NAPLAN has evolved over the past 13 years and moving the tests online has been a significant reform. For the next NAPLAN tests in May 2022, effectively all schools will be undertaking the tests online. We have been moving online since 2018 and it is no small task to execute a large-scale, multi- faceted IT project involving multiple organisations where the technology and logistics are highly complex. It is akin to climbing Mount Everest at night. It is possible only through the partnership and support of all education agencies, state and territory governments, school sectors and schools. This partnership ensured that over a million students in 2021 had a good test experience … or as good an experience as a test can be!

NAPLAN continues to progress and evolve, and education ministers have agreed to important changes that will improve the usefulness of NAPLAN for teaching and learning. The biggest change that will affect schools, students and parents is that NAPLAN is on the move and will be held in Term One from 2023, instead of the usual slot in early Term Two, in May.This is important as it means that results will be available to schools earlier in the school year, allowing teachers to use insights gained from the results to help plan their teaching and learning programs so they can support students to gain important literacy and numeracy skills.
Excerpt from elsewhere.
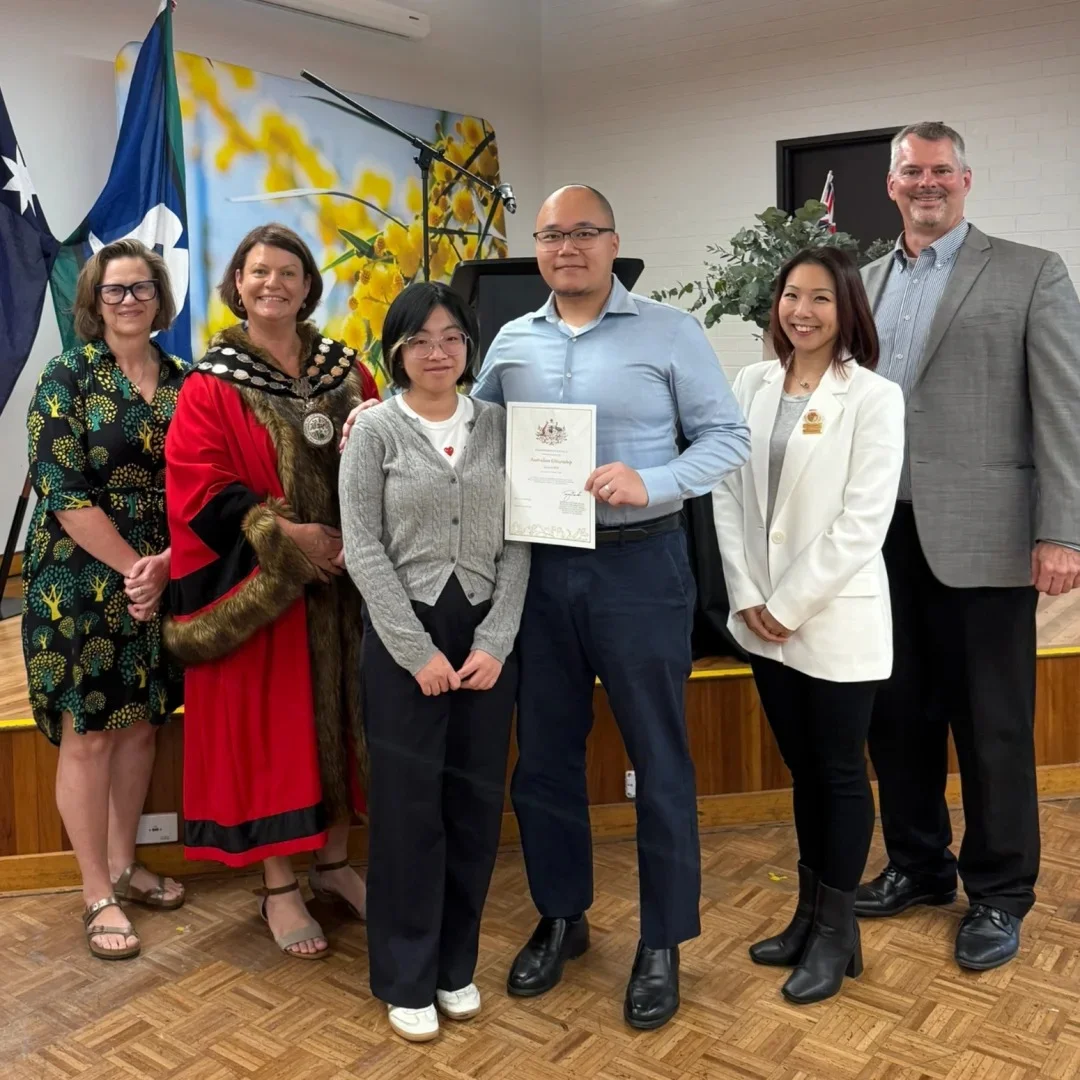 Family at Australian citizenship ceremony with official — mother, father, child holding Australian flags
The NAPLAN tests are not assessing the skills a student has learnt in the year to date. They are collecting a snapshot of information about the student’s overall literacy and numeracy skills. For example, a Year 5 numeracy test might ask students to demonstrate their understanding of place value, that is, whether a particular digit represents units, tens, hundreds or thousands depending on its position in a number. For example, a Year 7 numeracy test might ask students to demonstrate their understanding of place value, that is, that the value a particular digit represents depends on its position within the numeral representation of a number. For example, the digit 3 in 4.563 is in the thousandths position and so represents a value of 3 thousandths. Place value is something students begin to learn about in Year 1, decimals are then introduced at Year 4 and by Year 6 students are operating with decimals, so by the time they take the Year 7 NAPLAN numeracy test, they should be able to use their understanding of place value to solve, for example, problems involving multiplication of large numbers or addition and subtraction of decimal numbers. Teachers may already know whether individual students can do this or not, but NAPLAN allows teachers and parents to see how the individual child is progressing against national standards. Importantly, the data allows learning gaps to be spotted to make school- or system-wide reform.
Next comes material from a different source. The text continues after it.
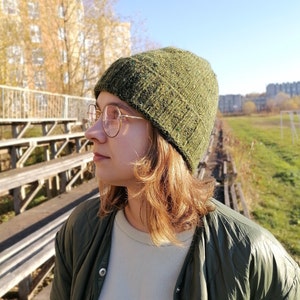 May include: A green hand knit beanie with a textured appearance in the minimalist style. The hat is worn with a green quilted jacket and round, gold-rimmed glasses. The background includes a sunny sky and a building.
With testing done in March, parents, teachers, principals, and system authorities can act earlier in the school year if required. Writing results will be returned later. While marking of multiple-choice answers in numeracy, reading, spelling, grammar and punctuation is automated, writing continues to be marked by human beings, not machines due to the nature of the assessment, so writing assessments take longer to be marked. Another important change to the National Assessment Program (NAP) is that schools will also be able to opt into tests that assess Year 6 and Year 10 students in science, civics and citizenship, and digital literacy. These assessments will be in addition to the current NAP Sample program of national assessments in Science, Civics and Citizenship, and Digital Literacy, which occurs every 3 years. Results of these opt-in assessments will not be published by the Australian Curriculum, Assessment and Reporting Authority (ACARA), but used by schools to drive improvements in teaching and learning. The new assessments will be available from 2024, starting with Science, with Civics and Citizenship, and Digital Literacy to follow in 2025 and 2026 respectively. From 2023, the existing NAP Sample program will move from October to Term Two. This means it can be undertaken at the same time as the opt-in assessments, which will allow those results to be compared against the national scale and results from the NAP Sample program. At 13, NAPLAN is hitting its adolescence and the data has helped shape where we are today. These new measures will mean our data will become even more valuable as NAPLAN continues to grow.